Pornografía: el lado que no vemos de la violencia sexual

En México, el abuso sexual infantil es una emergencia pública. A esto se suma la producción y circulación de material de abuso sexual infantil CSAM, por sus siglas en inglés: los reportes vinculados a pornografía infantil crecieron 86% en el primer semestre de 2025 en ...

En México, el abuso sexual infantil es una emergencia pública. A esto se suma la producción y circulación de material de abuso sexual infantil (CSAM, por sus siglas en inglés): los reportes vinculados a pornografía infantil crecieron 86% en el primer semestre de 2025 en la Línea Nacional contra la Trata y 62% de las denuncias de trata se relacionaron con CSAM; los operativos federales derivaron en más de mil pesquisas, decenas de detenciones y rescates.

La conversación pública sobre pornografía privilegia casi en exclusiva la oferta —redes criminales, productoras, plataformas y procesadores—. El énfasis es fundamental por la gravedad de los casos, pero la demanda organiza, en gran medida, los incentivos: quién consume, a qué edad, bajo qué guiones y con qué efectos psicosociales y relacionales. Omitir esa mitad produce miopía pornográfica: un diagnóstico epistémicamente deficiente y, por tanto, políticas ineficaces.

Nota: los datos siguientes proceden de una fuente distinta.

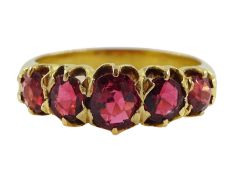 Early 20th century 18ct gold graduating five red stone set ring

Considero que confluyen (por lo menos) cuatro fuerzas que distorsionan el análisis en nuestro país: una noción liberal reducida a la voluntad negativa (equiparar cualquier regulación del consumo con autoritarismo), el tabú pedagógico en torno a la sexualidad, la normalización mediática del contenido sexual y un déficit estadístico. No contamos con cifras por edad, sexo y territorio sobre exposición y consumo ni con evaluaciones periódicas del repertorio de contenidos. Sin medir quién mira, cuánto y qué, legislamos con un mapa incompleto.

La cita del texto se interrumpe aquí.